In particolare, le misure hanno colpito i componenti del “gruppo” di Campisi Salvatore, operante nel territorio di Terme Vigliatore, ancora rimasti liberi dopo l’operazione “Munstra”, quali Crisafulli Carmelo e l’imprenditore Treccarichi Antonino. Ed, altresì, alcuni autorevoli esponenti del gruppo dei c.d. “Vecchi”, fra cui lo stesso Barresi Filippo, latitante fino al gennaio del 2013 a seguito dell’operazione “Gotha 1 e 2” e successivamente arrestato; Aliberti Francesco, imprenditore, soggetto fino a quel momento “insospettabile”, deputato a mantenere i contatti fra i vecchi esponenti dell’organizzazione e le c.d. “nuove leve”, nonché a detenere la cassa dell’organizzazione, in cui far confluire i proventi delle estorsioni; Mazzeo Antonino, detto “Piritta”, anch’egli imprenditore, rappresentante e longa manus, unitamente al defunto Perdichizzi Giovanni, del latitante Barresi Filippo.

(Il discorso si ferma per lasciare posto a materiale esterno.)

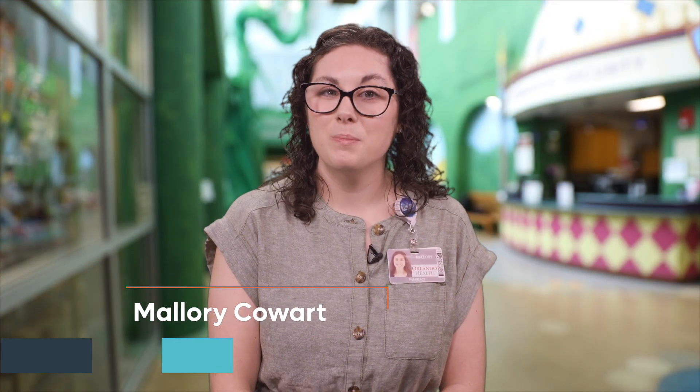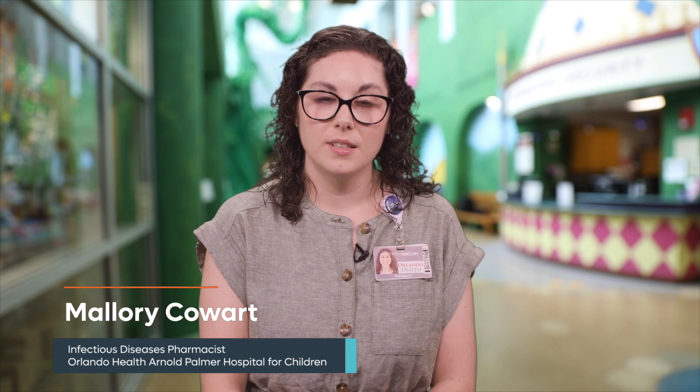Hello, my name is Mallory and I'm a pediatric pharmacist here at Orlando Health Arnold Palmer Hospital for Children. I'm going to talk to you today about an oral antibiotic that your child will be taking at home. The antibiotic is called clindamycin and is needed to treat your child's bacterial infection.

Venivano inoltre raggiunti da ordinanza di custodia cautelare in carcere per mafia alcuni soggetti appartenenti al gruppo di Perdichizzi, fra cui Gallo Vincenzo Vito, Scordino Antonino, Mazzù Carmelo, Alesci Santi, Mazzeo Fabio, Bucolo Salvatore, Munafò Massimiliano, Pirri Gianfranco ed altri ancora.
Le misure cautelari si estendevano anche nei confronti di diversi componenti del “gruppo D’Amico”, operante a Barcellona Pozzo di Gotto, storicamente facente capo prima a D‘Amico Carmelo e poi, dopo l’arresto di costui, al fratello D’Amico Francesco e ad Imbesi Ottavio, quest’ultimo cassiere del gruppo; fra i soggetti colpiti da provvedimento restrittivo si annoverano Micale Aurelio e Micale Gianfranco, detti “Chiocchio”, Chiofalo Domenico, Bagnato Antonino, Pirri Francesco ed altri ancora.
Ed, infine, venivano arrestati per associazione mafiosa quei componenti dell’associazione mazzarota ancora rimasti liberi sul territorio, quali Artino Salvatore (figlio di Ignazio), Rottino Stefano, Italiano Salvatore, Perroni Carmelo, Giardina Massimo, Impalà Giuseppe e altri ancora.
Tale gruppo fu dapprima diretto da Bisognano Carmelo, poi da Calabrese Tindaro e infine da Artino Ignazio, fino alla morte.
Così, l’operazione “Gotha 4” ha consentito di tagliare alla radice le “nuove leve” emergenti della famiglia barcellonese, impedendo quel fenomeno fisiologico di “successione” e di “rigenerazione” proprio di ogni organizzazione criminale dopo un’importante operazione di polizia che ne ha decapitato i vertici.